The optimization of a cost function which has a number of local minima is a relevant subject in many important fields. For instance, the determination of the weights of learning machines depends in general on the solution of global optimization tasks (Haykin, 1999). A feature shared by almost all of the most common deterministic and stochastic algorithms for continuous non – linear optimization is that their performance is strongly affected by their starting conditions. Depending on the algorithm, the correct selection of an initial point or set of points have direct consequences on the efficiency, or even on the possibility to find the global minima. Of course, adequate selection of seeds implies prior knowledge on the structure of the optimization task. In the absence of prior information, a natural choice is to draw seeds from a uniform density defined over the search space. Knowledge on the problem can be gained through the exploration of this space. In this contribution is presented a method to estimate probability densities that describe the asymptotic behavior of general stochastic search processes over continuously differentiable cost functions. The relevance of such densities is that they give a description of the residence times over the different regions of the search space, after an infinitely long exploration. The preferred regions are those which minimize the cost globally, which is reflected in the asymptotic densities. In first instance, the resulting densities can be used to draw populations of points that are consistent with the global properties of the associated optimization tasks.

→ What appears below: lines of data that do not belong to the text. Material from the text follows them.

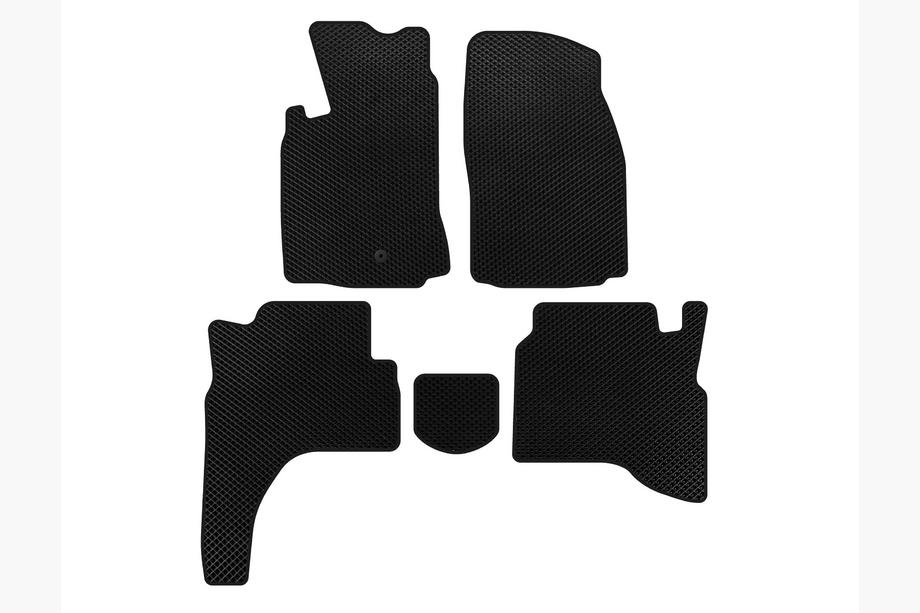 Mitsubishi Pajero Sport 1996–2007 EVA talne preproge (črne) Image
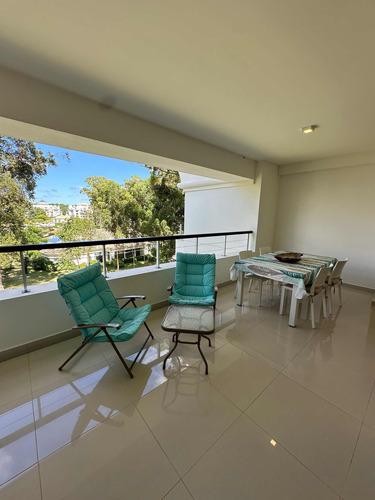 Green Park - Solanas - Punta Del Este -dpto 2 Amb Moderno Semana Santa Disponible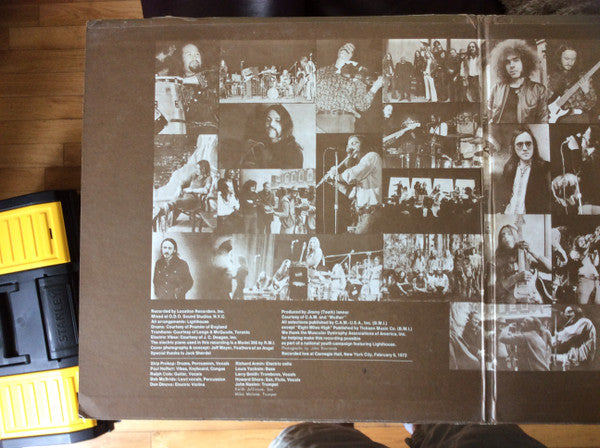 Lighthouse - Lighthouse Live! - 1972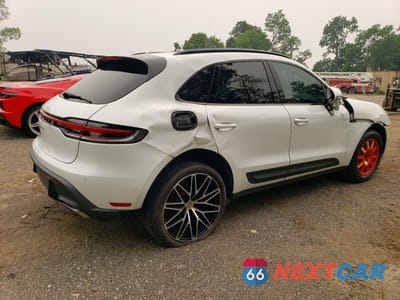 Trzecie zdjęcie samochodu z tyłu: 2022 PORSCHE MACAN VIN:WP1AA2A59NLB03509 - miniatura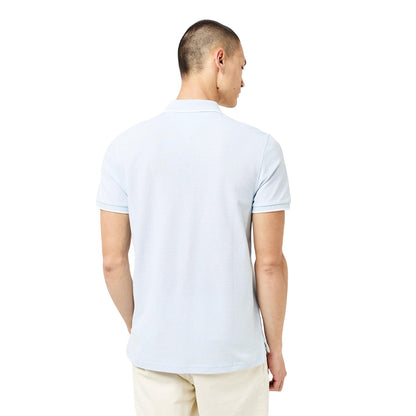Breezy Blue - Lifestyle - Tommy Hilfiger Mens Regular Polo Shirt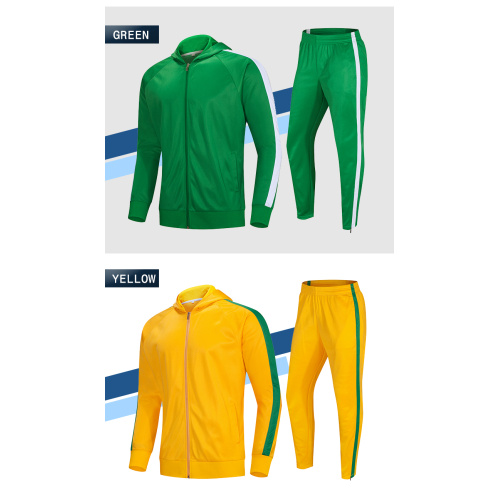 2021 Men's Athletic Sports Casual Running Jogging Sweatsuit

Stochastic strategies for optimization are essential to most of the heuristic techniques used to deal with complex, unstructured global optimization problems (Pardalos, 2004). The roots of such methods can be traced back to the Metropolis algorithm (Metropolis, Rosenbluth, Rosenbluth, Teller & Teller, 1953), introduced in the early days of scientific computing to simulate the evolution of a physical system to thermal equilibrium. This process is the base of the simulated annealing technique (Kirkpatrick, Gellat & Vecchi, 1983), which makes use of the convergence to a global minimum in configurational energy observed in physical systems at thermal equilibrium as the temperature goes to zero.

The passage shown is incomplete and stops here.